CBC News has learned there are problems with the steering on the newly rebuilt Bluenose ll.
The Nova Scotia government says the issue turned up during recent dock trials.
Delays and cost overruns have plagued the rebuild. It's two years behind schedule and millions of dollars over budget. The price tag currently sits at $16.7 million — a figure the government says will rise before the work is completed.
The ship is tied up at a wharf in Lunenburg.
"The builders discovered that to turn the wheel...that there's quite a bit of pressure there," said Glenn Friel with the Department of Communities, Culture and Heritage. "It's difficult to actually turn the steering wheel."
In an attempt to fix the problem, the ship's steering gear has been removed and taken to Hawboldt Industries, a manufacturer of marine equipment, based in Chester.
People in the community who've watched the project closely say the rudder is likely the main problem.
It's made of steel which they say makes it heavier and harder to move than the old rudder which was made of wood.
According to the government's website, the initial plan was to fit the ship with a wooden rudder stock and blade, similar to what was installed before the restoration, but that plan changed to better suit classification requirements of the American Bureau of Shipping (ABS).
"It would be difficult for ABS to approve the use of a wooden rudder blade given the complexity of fitting a wooden blade to a steel stock. It was decided to move forward with the current design of a single steel blade rudder," the website says.

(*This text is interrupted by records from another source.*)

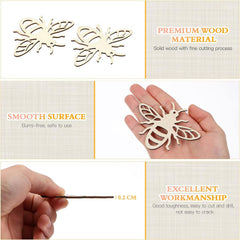 Wooden butterfly cutout with text highlighting premium wood material, smooth surface, and excellent workmanship.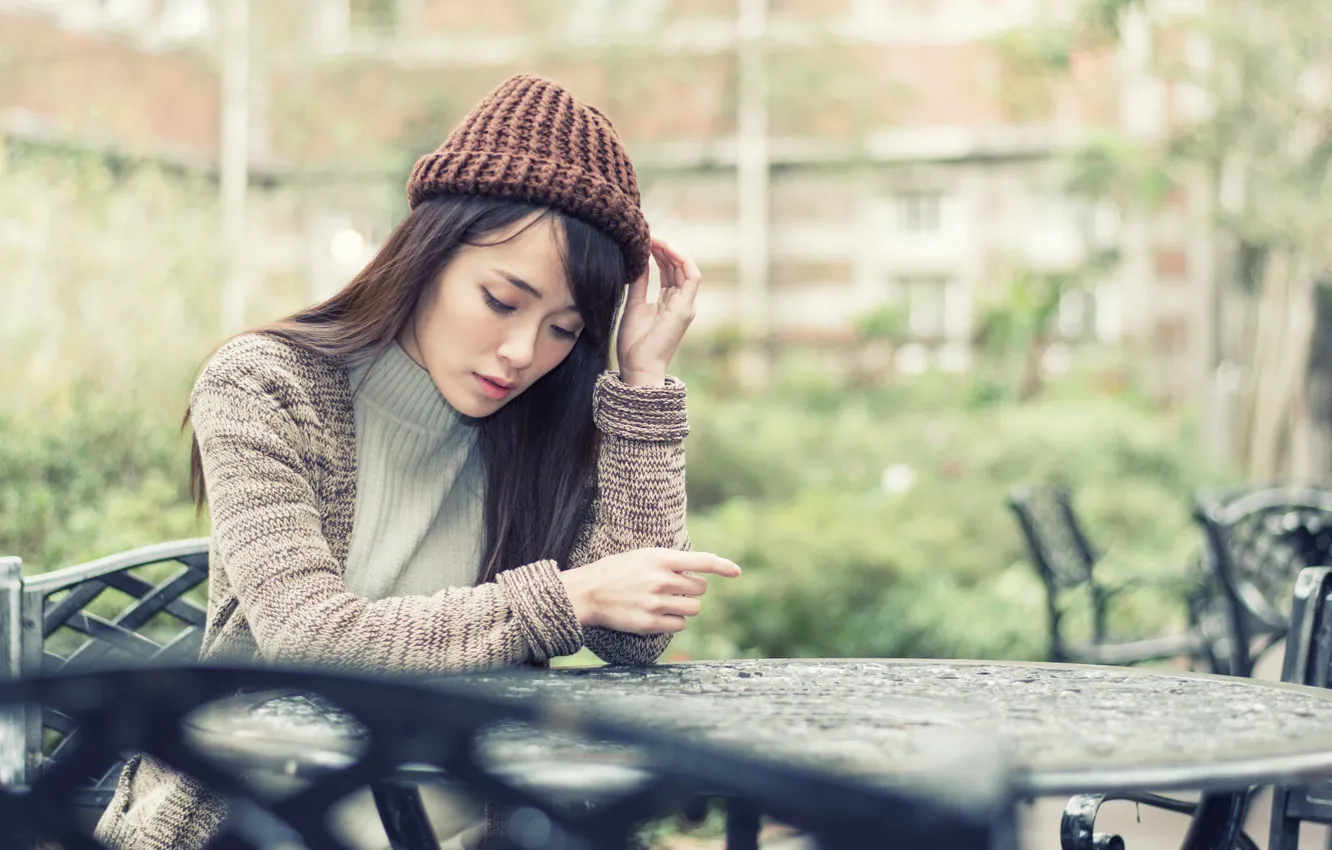 Photo wallpaper girl, Asian, cap, sweater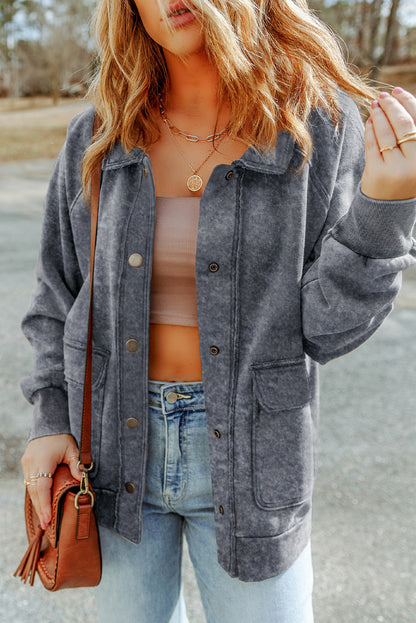 Red Vintage Washed Flap Pocket Button Shacket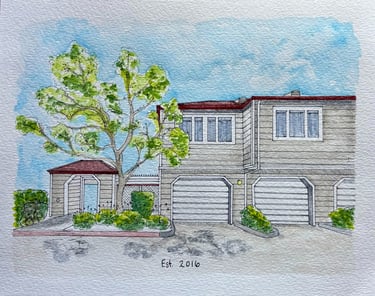 Watercolor illustration of a tan home with a red roof and a green tree in the front of the house.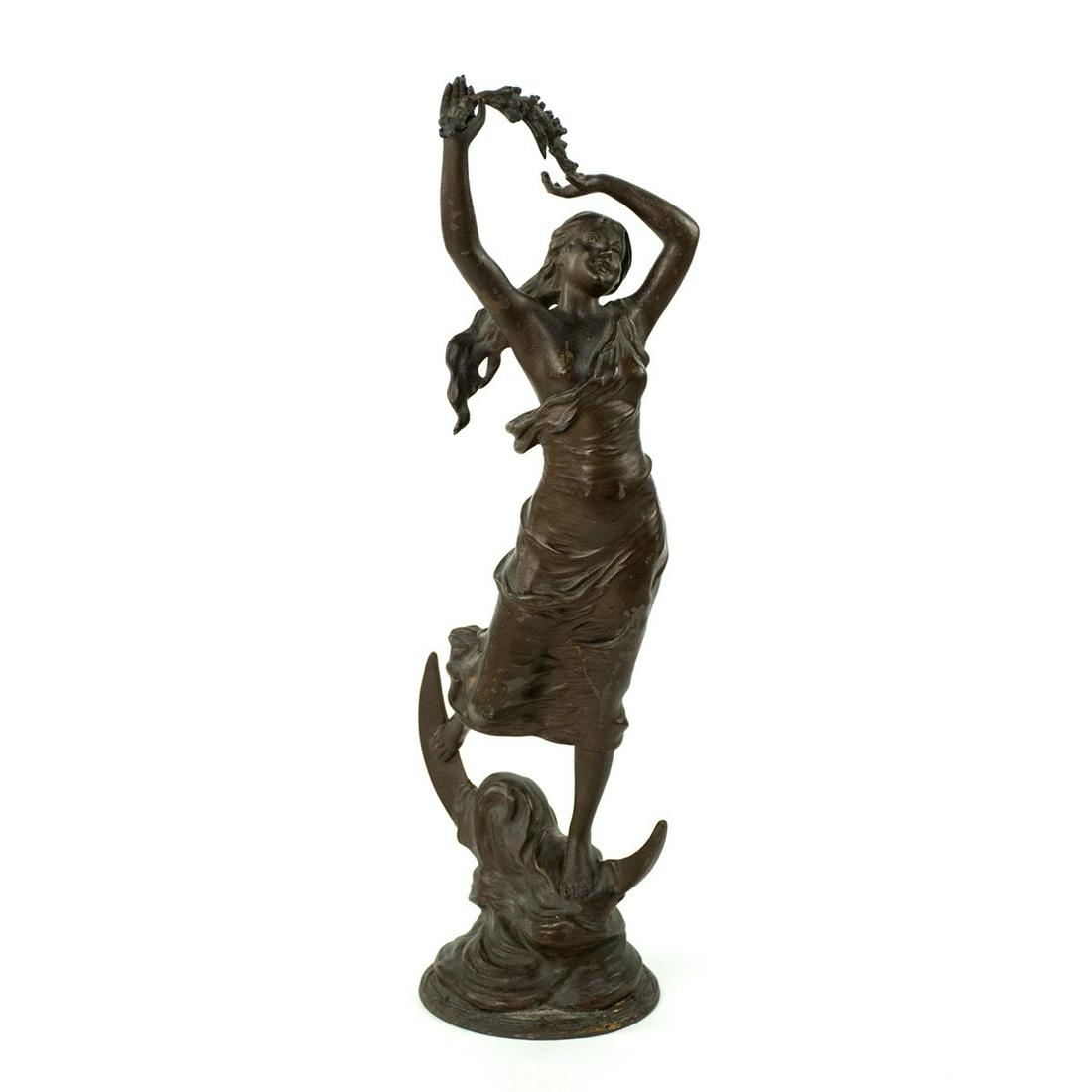 After Hippolyte Moreau Girl Standing on the Moon Statue: A cast metal sculpture of the Girl Standing on the Moon sculpture after Hippolyte Moreau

"The weight of the steel rudder was factored into the calculations for the overall weight of the vessel and new steering gear was designed and installed for the restoration."
Friel said the government expects the steering problem will be fixed soon so sea trials can begin. But no dates are set for that, let alone the first public sail.
"The schedule for Bluenose II taking passengers has not been scheduled," he said. "We do expect Bluenose to sail this summer."
Earlier this year, Premier Stephen McNeil called the project a "boondoogle" and asked the auditor general's office to investigate.
CBC asked to speak with MHPM, the project managers, but the company referred calls to the provincial government. Similar requests to the builders known as the Lunenburg Shipyard Alliance and the captain of Bluenose II were unsuccessful.